The FA values in the central white matter of the frontal lobe, central white matter of the occipital lobe, centrum semiovale, posterior limb of the internal capsule (PLIC), and ventral thalamus were significantly lower in the BIPI group as compared to the control group (P < 0.05). The ADCs were lower in the BIPI group compared to the control group, and there was a significant difference (P < 0.05). Comparison of FA and ADC values in the central white matter of the frontal lobe, central white matter of the occipital lobe, centrum semiovale, PLIC, and ventral thalamus did not show any significant differences between the LBW and VLBW groups with BIPI (P > 0.05).Conclusion:
The FA and ADC values of DTI can be used for the quantitative evaluation of BIPI in LBW and VLBW infants. The FA value was found to be more accurate than the ADC. Overall, different FA values in different brain areas reflect differences in the brain development of normal premature infants.Keywords
Diffusion Tensor Imaging Brain Injury Premature Infants Very Low Birth Weight
1. Background
The incidence of brain injury in premature infants (BIPI) has been estimated at 10 - 20% (1, 2). Early diagnosis, treatment, and intervention are of paramount importance in BIPI (3). Today, magnetic resonance imaging (MRI), as a multi-directional modality with no radiation damage, is more widely used for newborns and premature infants to study brain development and damage (4, 5). However, most studies have not classified premature infants by birth weight, and there are few reports on premature low-birth-weight (LBW) and very-low-birth-weight (VLBW) infants (1, 3).
2. Objectives
This prospective study aimed to analyze the clinical characteristics of BIPI; to explore the findings of diffusion tensor imaging (DTI) in premature LBW and VLBW infants with BIPI; to examine the value of MRI-based DTI in the evaluation of BIPI; and to seek better methods for early diagnosis of BIPI in premature LBW infants to reduce or alleviate complications in premature infants and improve their quality of life.
3. Patients and Methods
3.1. Study Population
In this prospective study, 31 cases of BIPI, hospitalized in the neonatal intensive care unit (NICU) of Gansu Provincial Maternity and Child Care Hospital (Gansu, China), were examined in 2020 (from 1, 2020 to 11, 2020). The infants’ gestational age was less than 37 weeks, and their birth weight was less than 2500 g. The inclusion criteria for the case group were as follows: (1) abnormal MRI examination of the brain with hemorrhage and white matter damage; (2) severe intrauterine distress, umbilical cord wrapped around the neck, placenta previa, premature rupture of membranes, abruption of the placenta, history of amniotic fluid contamination, hypertension, diabetes, and hyperthyroidism; and (3) clinical manifestations, such as convulsions, increased intracranial pressure, abnormal primitive reflexes, changes in consciousness, and hypotonia.
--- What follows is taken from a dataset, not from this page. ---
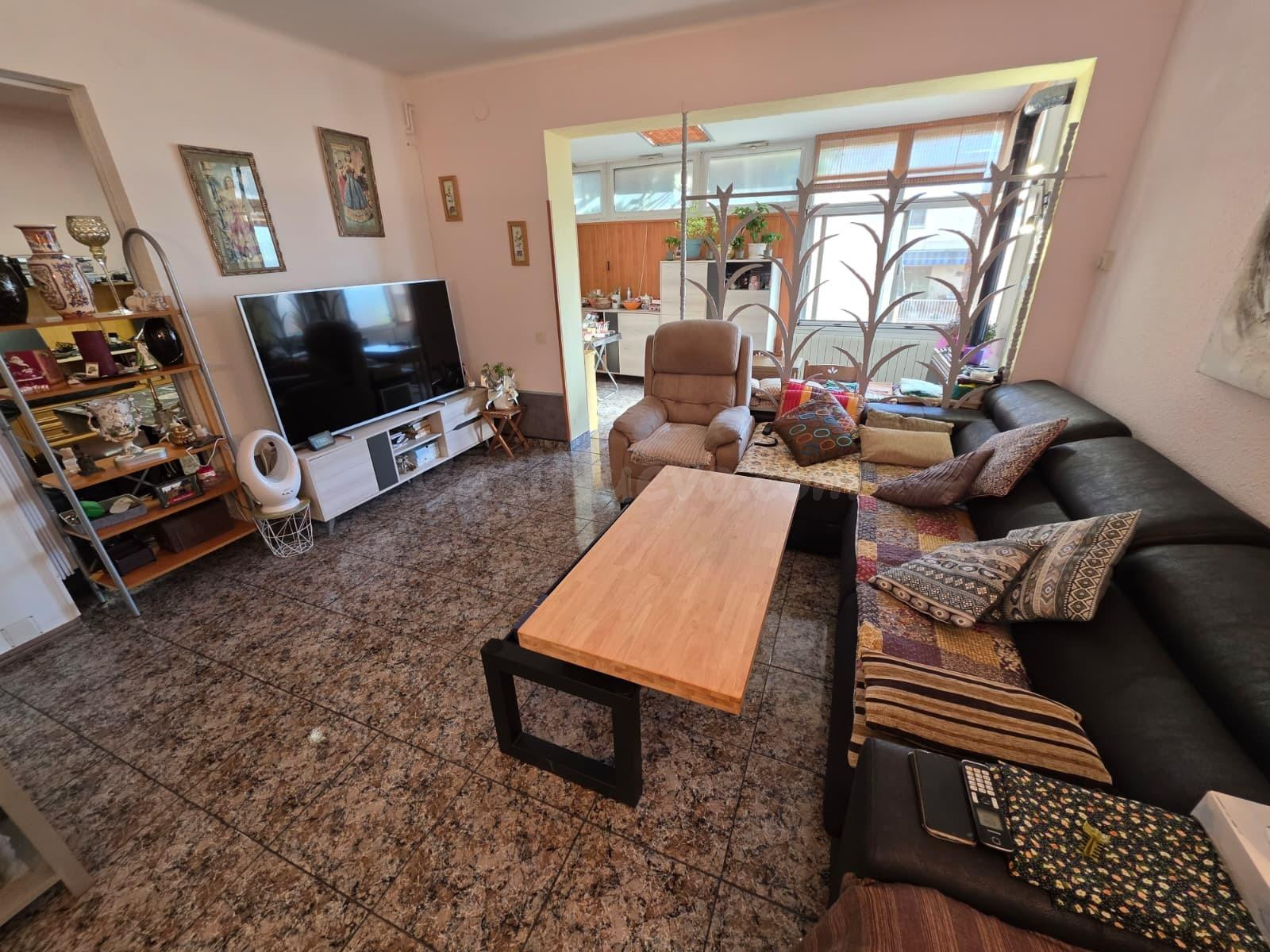 VENTA PLANTA BAJA EN IGUALADA ZONA POBLE SEC BUENA UBICACIÓN - foto 5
The BIPI group was divided into two subgroups, according to body weight: LBW group, 1500 g ≤ weight ≤ 2500 g; and VLBW group, 1000 g ≤ weight < 1500 g. Besides, the control group consisted of 20 premature infants, admitted to the hospital with feeding intolerance, scalp hematoma without obvious clinical manifestations of brain injury, and normal MRI results. The Neonatal Behavioral Neurological Assessment (NBNA) was adopted in this study, with a total score of 40. The NBNA score of the control group was > 37 in the one-month follow-up. Both groups of children underwent routine MRI-based DTI examinations at a 37 - 40 weeks corrected gestational age (CGA). Informed consent was obtained from the infants’ guardians (parents) for each examination. The research protocol was approved by the Ethics Committee of Gansu Provincial Maternal and Child Health Hospital (2020[5]).
The clinical information gathered during the study included gender (male/female), gestational age (weeks), birth weight (g), delivery mode (natural labor/cesarean section), twins (yes/no), first delivery (yes/no), one- and five-minute Apgar scores, and maternal age (years). The exclusion criteria in this study were as follows: (1) congenital malformations of the nervous system development; (2) inherited metabolic encephalopathy; (3) chromosomal malformations; (4) hypoglycemic encephalopathy; (5) bilirubin encephalopathy; (6) diseases with a clear etiology; (7) the presence of a congenital heart disease or gastrointestinal malformations; incomplete MRI or follow-up data; and death during the follow-up.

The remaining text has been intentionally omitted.